Let's start with some quick history that everyone knows. The Garth Brooks phenomenon exploded in 1990 with the one-two punch of "The Dance" and "Friends in Low Places."

That was a springboard to the kind of high demand I have rarely seen unfold in the music industry.

By 1992, Garth Brooks had changed country music and was largely responsible for its huge boom in sales and popularity. His live shows had begun selling out at mind-boggling record pace. Those tickets were precious and super difficult to secure.

The venues HAD to get bigger. And if that couldn't work out, then he'd add shows wherever he played, if necessary.

And so it WAS, in 1992, that WBKR launched a campaign to get Garth to come to Roberts Stadium in Evansville.

We commissioned the creation of an enormous banner we draped on the side of a semi that was parked at the stadium and had folks come by and sign it. It became one of the largest "petitions" I have ever seen.

But it wasn't just the banner.

A client let us use a motorhome that we parked on a grassy area on the stadium parking lot and we all broadcast there for a week.

Our then-morning team, Zack Mitchell and the late Nick Weber, spent the night in it.

Mind you, this was a couple of years before we even had the Internet and a good decade and half ahead of any form of social media.

And yet, word got to Garth and he put Roberts Stadium on the docket for 1994. And it was magic time.

I can't remember who his opening act was in '94, but when he returned in 1998, it was his future wife and a country superstar in her own right, Trisha Yearwood.

The night we all went in '98, there was a mix-up regarding the number of meet & greet passes and we were two short. So we drew straws. Since I'd already met Garth, I bowed out.

One of our former on-air personalities, Jeanne James, drew a short straw and was unable to go back. So the two of us stood in the hallway waiting for the rest to get finished. While we waited, we ran into and chatted with Garth's then-wife Sandy, who was a blast. And then Trisha's road manager spotted us and asked if we'd like to come visit with her since we didn't get to meet Garth.
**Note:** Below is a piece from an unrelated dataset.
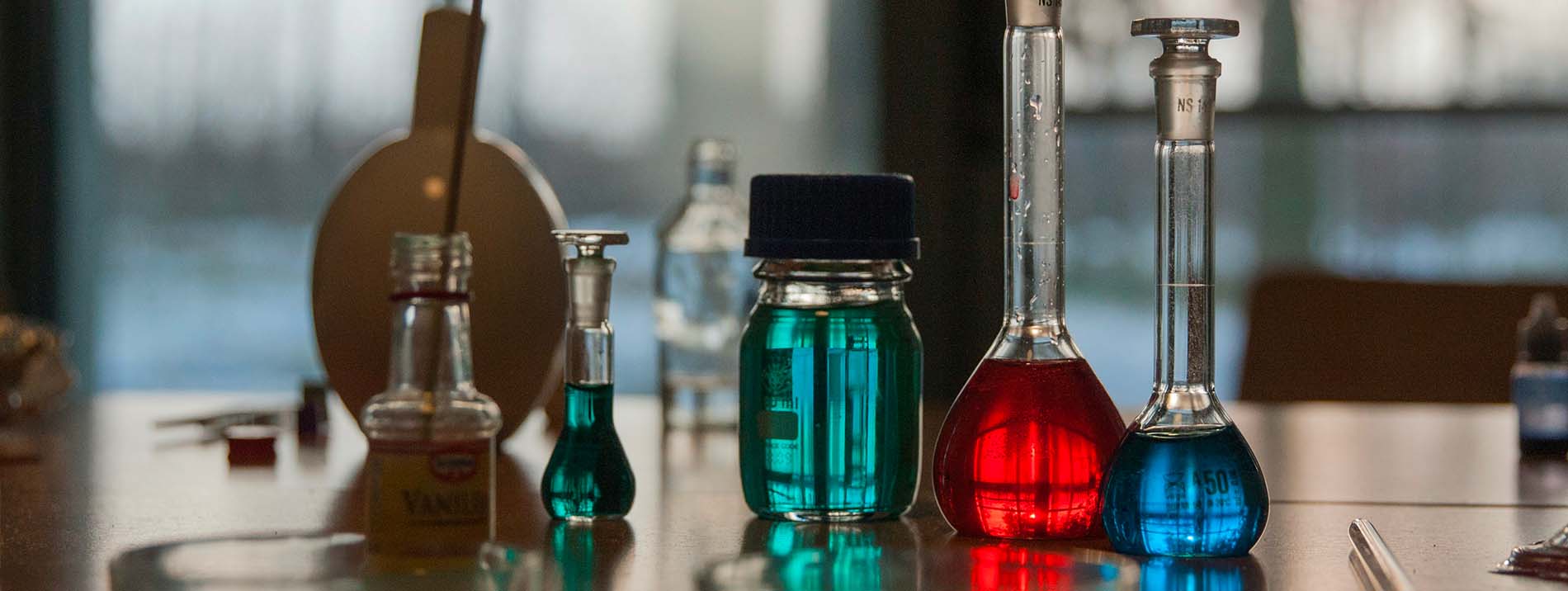 Differents nitrites de poppers en flacon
It's really one of my all-time favorite experiences meeting a country star. She was sensational and had just performed on the Oscars three nights earlier and talked about it like a kid meeting Santa Claus. Thoroughly charming.

Now, here's the cool part. Jeanne and I returned to our seats just as Nick ran up and told us that Garth heard about the mix-up and told him to come get us. So we got the meet & greet after all.

We've always believed that Garth's 1994 show led him to remember this area and Roberts Stadium again in 1998.

And we'll never let ANYONE tell us any different about the effect we're fairly certain the "Garth Please" campaign had on his decision in '94.